2005-07-22 Thread Pierre d'Herbemont


On 21 juil. 05, at 15:46, Hetz Ben Hamo wrote:


On 7/21/05, Mike Kronenberg <[EMAIL PROTECTED]> wrote:


Hetz Ben Hamo wrote:



I just looked at the screenshots, and if you don't mind, I want to
offer few suggestions for your GUI:

1. RAM size - how about adding up/down arrows (in addition to  
what you

have right now) to increase RAM?




Good Idea. How should they id/decrement the value? One by one or
doubling the Value?



My suggestion - by 8MB incrememental steps, but allow the user to type
a number in case someone wants type a specific number.


Why a slider, or arrow?
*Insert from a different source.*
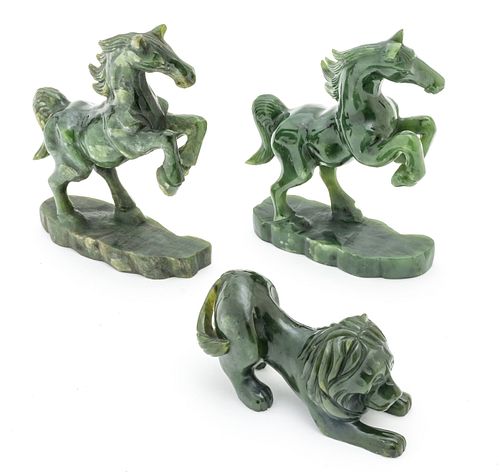 Carved Jade Horse And Lion Figurines, H 6'' W 1.5'' L 4.25'' 3 pcs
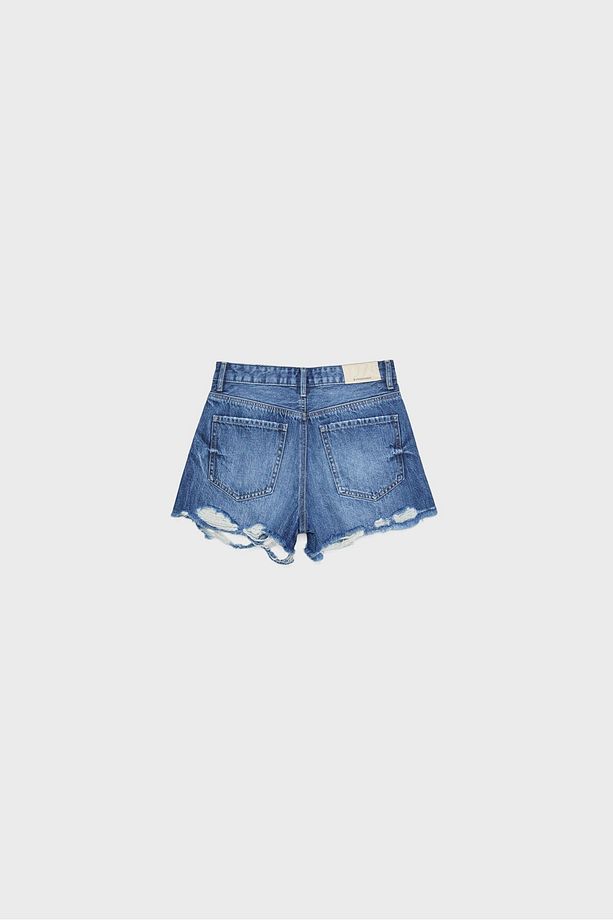 D75 Distressed denim şort - 7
A simple text box is far more simpler,  
quicker. Don't tell me that you'll click on the arrow button to get  
256, when you are at 128!





2. Instead of Radio buttons in the Floppy/CDROM/Hard drive, I would
suggest to replace it with Check Boxes, so the ones that are not
needed by the user, will be grayed out until the check boxes will be
marked.



I look into that. Have You an Idea how we could optimize the  
choosing of

cd-rom and cd-rom-image.



Sure. A simple pull down menu instead of the ... circle button, where
you have 2 options:
* Physical Media
* Other (ISO) 

If the user selects Other (ISO) - a sile selection could appear to
select an ISO and then appears. If the user selects "Physical Media" -
the device name appear in the selection.


For the button title why "other". Something like "File" or "CD-ROM  
image" sounds better, more explicit.
And why don't we have an intermediate window that allow the user to  
choose a file or a device, or in the selector you specify if you want  
a device or a file. It may simplify the interface.



I'd like to keep the Panel as easy as possible, so "normal" Users  
won't

be destracted by to much options.
Probably I'm gonna ad '-localtime', '-smb', and
'-user-net'/'-dummy-net', since I activate them by default.



I think Localtime, should also be a checkbox item (in a seperate
line), and user-net / dummy net should be a radio button selection,
but all of them should be hidden until the user press the "Advanced.."
button.


Sounds like a Windows App to me :P No need for Advanced mode, the  
advanced mode sounds scary to me. Keep it simple.
Something like a "Network & File Sharing" section for -smb and -user- 
net. "Time" section for -localtime. If the interface is sufficiently  
explicit and simple no need to hide them, if the names are  
sufficiently user friendly.


This must be discussed a bit, so feel free to reply if you are not  
agree.


BTW, what does Fabrice thinks of having nib files and png in CVS?

Mike, thanks for the work.

Pierre.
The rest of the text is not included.